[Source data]
====================

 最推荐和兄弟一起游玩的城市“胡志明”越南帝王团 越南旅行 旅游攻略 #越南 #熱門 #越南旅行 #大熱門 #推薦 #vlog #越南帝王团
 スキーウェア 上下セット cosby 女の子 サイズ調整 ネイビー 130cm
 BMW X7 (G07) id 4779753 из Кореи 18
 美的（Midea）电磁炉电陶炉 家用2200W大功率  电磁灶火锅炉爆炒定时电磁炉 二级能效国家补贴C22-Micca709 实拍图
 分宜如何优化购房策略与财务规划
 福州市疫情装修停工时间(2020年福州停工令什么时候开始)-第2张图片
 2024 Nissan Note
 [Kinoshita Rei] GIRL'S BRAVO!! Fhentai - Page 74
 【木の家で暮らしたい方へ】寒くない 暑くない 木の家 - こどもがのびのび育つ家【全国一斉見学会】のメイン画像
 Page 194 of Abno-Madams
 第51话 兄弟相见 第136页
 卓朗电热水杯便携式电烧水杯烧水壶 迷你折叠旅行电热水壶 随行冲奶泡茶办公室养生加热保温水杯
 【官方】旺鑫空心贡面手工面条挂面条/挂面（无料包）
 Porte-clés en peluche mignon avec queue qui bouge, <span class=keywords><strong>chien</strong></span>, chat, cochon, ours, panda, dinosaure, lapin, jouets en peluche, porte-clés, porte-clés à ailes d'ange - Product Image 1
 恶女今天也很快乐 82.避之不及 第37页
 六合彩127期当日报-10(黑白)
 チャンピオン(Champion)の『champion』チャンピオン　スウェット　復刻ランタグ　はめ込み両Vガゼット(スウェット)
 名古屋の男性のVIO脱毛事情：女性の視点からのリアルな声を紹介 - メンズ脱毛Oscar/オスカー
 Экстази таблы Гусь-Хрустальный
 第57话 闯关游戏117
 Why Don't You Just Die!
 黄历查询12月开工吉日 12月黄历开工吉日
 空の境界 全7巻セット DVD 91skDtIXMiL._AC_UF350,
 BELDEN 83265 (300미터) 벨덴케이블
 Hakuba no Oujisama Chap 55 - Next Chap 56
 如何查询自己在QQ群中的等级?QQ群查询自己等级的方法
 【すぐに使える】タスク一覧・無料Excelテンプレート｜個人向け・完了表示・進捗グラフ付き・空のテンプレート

====================

[INSTRUCTIONS FOR THE TASK] Look through the records and gather each line with the word "Page".

[ANSWER BELOW]
 [Kinoshita Rei] GIRL'S BRAVO!! Fhentai - Page 74
 Page 194 of Abno-Madams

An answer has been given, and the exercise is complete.